‘Guide vest’ to act as eyes for the visually impaired
By Darren Quick
May 26, 2011
We've looked at a number of efforts to extend the capabilities of the traditional white cane for the visually impaired, such as using ultrasonic echoes or lasers to give users a better lay of the land. But a group of engineering researchers at the University of Southern California (USC) are looking to do away with the cane altogether and replace it with a "guide vest" that works in conjunction with a helmet-mounted camera and special software to let wearers "see" the world through tactile feedback.
"There are many limitations to canes for the visually impaired, from low hanging branches to large objects," says Gérard Medioni, a professor in the Institute for Robotics and Intelligent Systems at USC Viterbi. "We wanted to build an effective system that would provide new opportunities for the visually impaired."
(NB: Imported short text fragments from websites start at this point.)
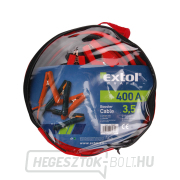 Indítókábelek 400A, 3,5m Előnézet 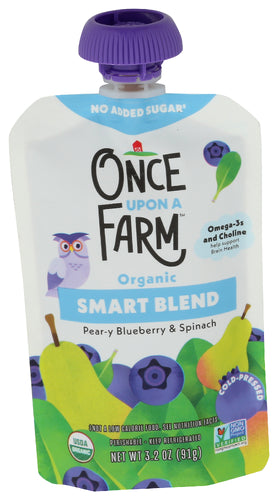 Once Upon A Farm Par Bbry Spc Smt Bln, 3.2 FO.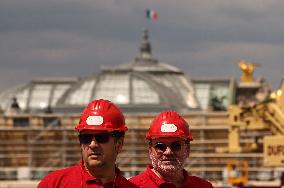 (SP)FRANCE-PARIS-OLYMPICS-VENUE-INVALIDES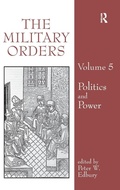 Cover: The Military Orders Volume V - Routledge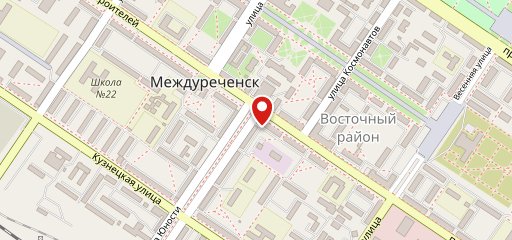 Шаурма № 1 на карте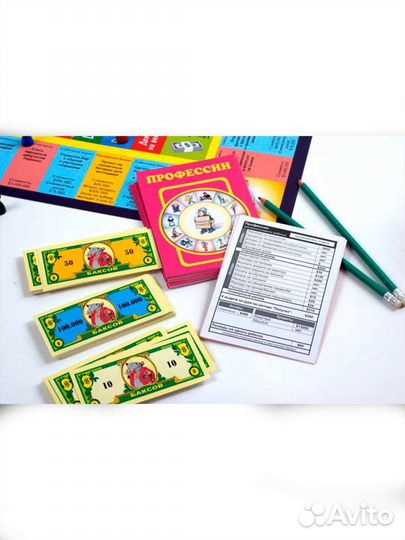 Игра настольная Денежный поток 606, Cashflow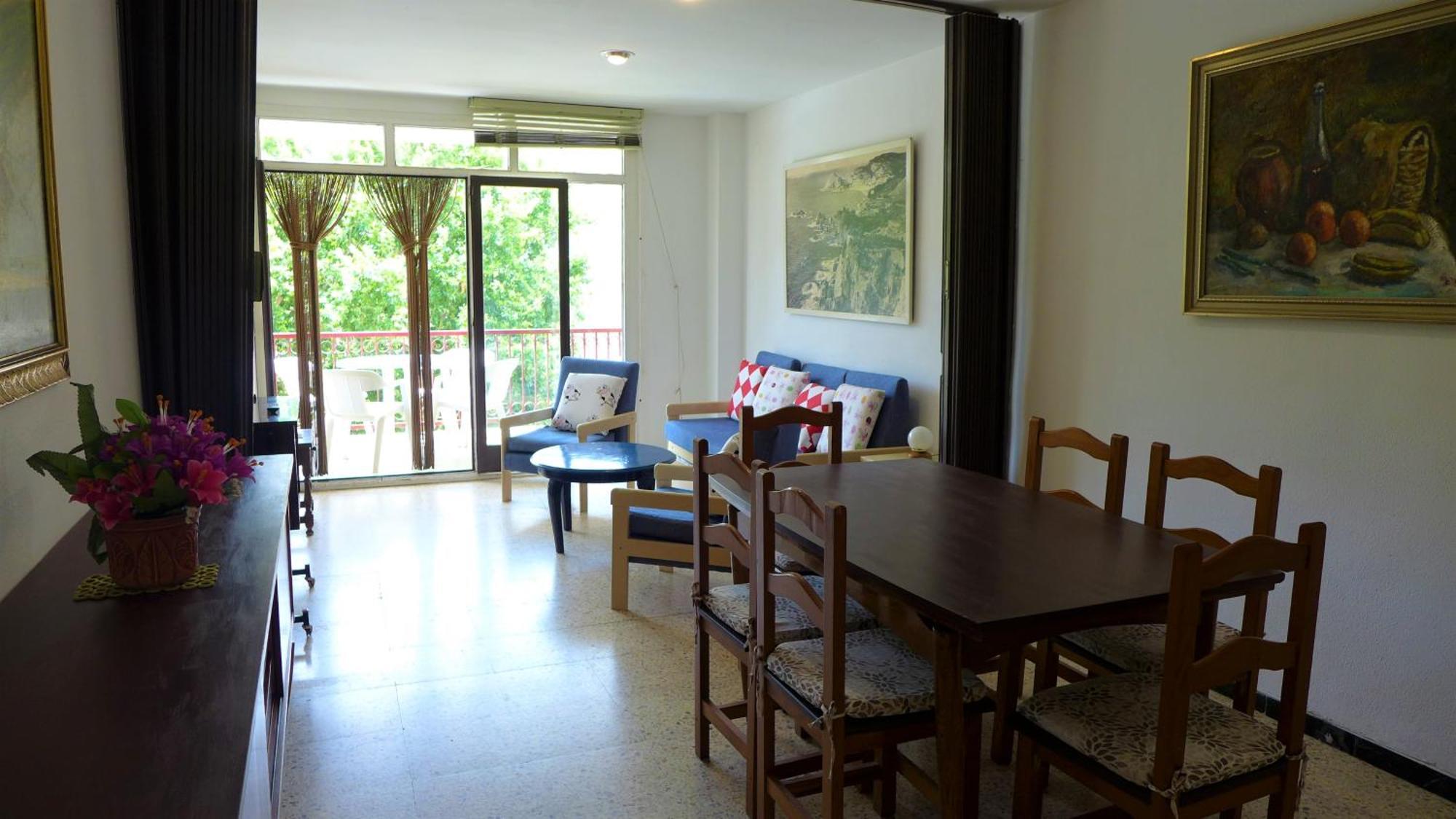 Apartamentos Alfonso I Palmyra Salou Esterno foto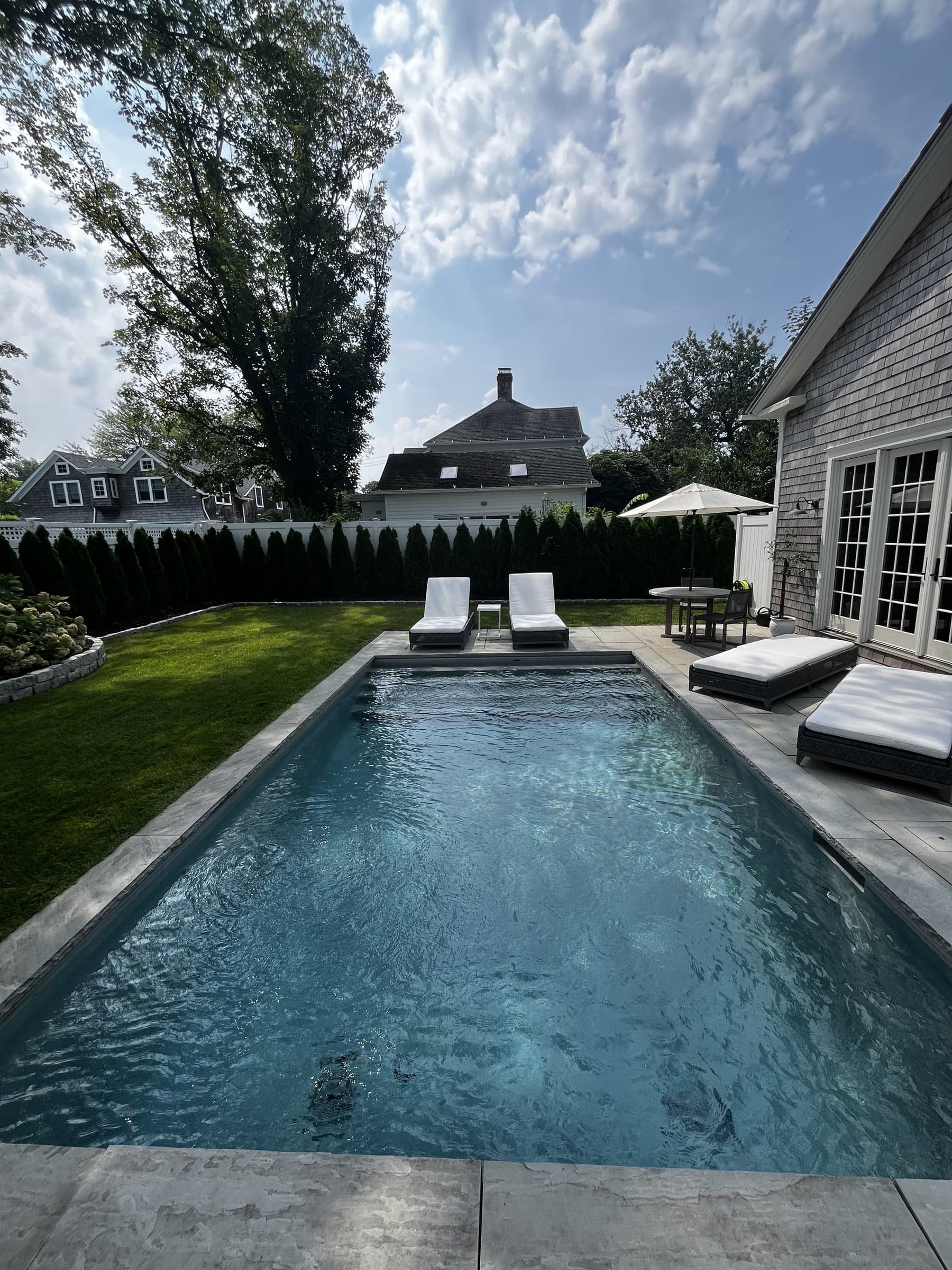 Beautifully landscaped East End property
The system developed by Medioni and his colleagues uses a helmet-mounted binocular camera to capture images that are sent wirelessly to a PC where Simultaneous Localization and Mapping (SLAM) software is used to build maps of the environment and identify a safe path through any obstacles. This route information is conveyed to the user through a guide vest that includes four micro motors built into the shoulder and waist.
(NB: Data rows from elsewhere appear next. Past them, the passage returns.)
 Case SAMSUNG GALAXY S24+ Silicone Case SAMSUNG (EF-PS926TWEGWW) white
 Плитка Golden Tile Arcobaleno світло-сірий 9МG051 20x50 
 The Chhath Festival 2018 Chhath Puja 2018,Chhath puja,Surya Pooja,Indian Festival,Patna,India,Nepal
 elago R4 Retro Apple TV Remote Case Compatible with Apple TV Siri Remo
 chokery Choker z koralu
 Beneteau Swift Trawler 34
These motors vibrate to indicate obstacles so the user can navigate safely. For example, a vibration on the left shoulder indicates an object on the upper left, such as a low hanging branch, while a vibration on the right waist will indicate an object on the lower right, such as a trashcan. This enables the user to avoid obstacles by negotiating a vibration-free path.
The USC team tested the prototype system on visually impaired subjects at the Braille Institute and received positive feedback. They are now looking to replace the current bulky, helmet-mounted camera with a micro-camera system that could possibly be attached to glasses. The team is aiming to have a new system in place by the end of 2011.
The USC research was funded by the National Science Foundation and the U.S. Army, with the aim of helping veterans who have been blinded during their military service. The W.M. Keck Foundation also contributed funding to the research.